Final answer:
To find the probability that Laura wins exactly three out of the next four matches against Jennifer, we can use the binomial probability formula.
Step-by-step explanation:
To find the probability that Laura wins exactly three out of the next four matches against Jennifer, we can use the binomial probability formula. The formula is:
P(X=k) = C(n, k) * p^k * (1-p)^(n-k)
Where:
- P(X=k) is the probability of getting k successes in n trials
- C(n, k) is the number of combinations of n items taken k at a time
- p is the probability of a success in a single trial
- n is the total number of trials
- k is the number of successes
In this case, Laura winning a match is a success and Jennifer winning a match is a failure.
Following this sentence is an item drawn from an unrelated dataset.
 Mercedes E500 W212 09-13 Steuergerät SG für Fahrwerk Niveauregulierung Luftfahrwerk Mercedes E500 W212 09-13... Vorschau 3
We want to find the probability of exactly 3 successes out of 4 trials, so n = 4 and k = 3. The probability of Laura winning a match is p = 2/3.
Therefore, plugging these values into the formula, we have:
P(X=3) = C(4, 3) * (2/3)^3 * (1-(2/3))^(4-3)
Simplifying this equation gives us:
P(X=3) = 4 * (2/3)^3 * (1/3)^1
P(X=3) = 4 * 8/27 * 1/3
P(X=3) = 32/81
So the probability that Laura wins exactly three of the next four matches she plays against Jennifer is 32/81.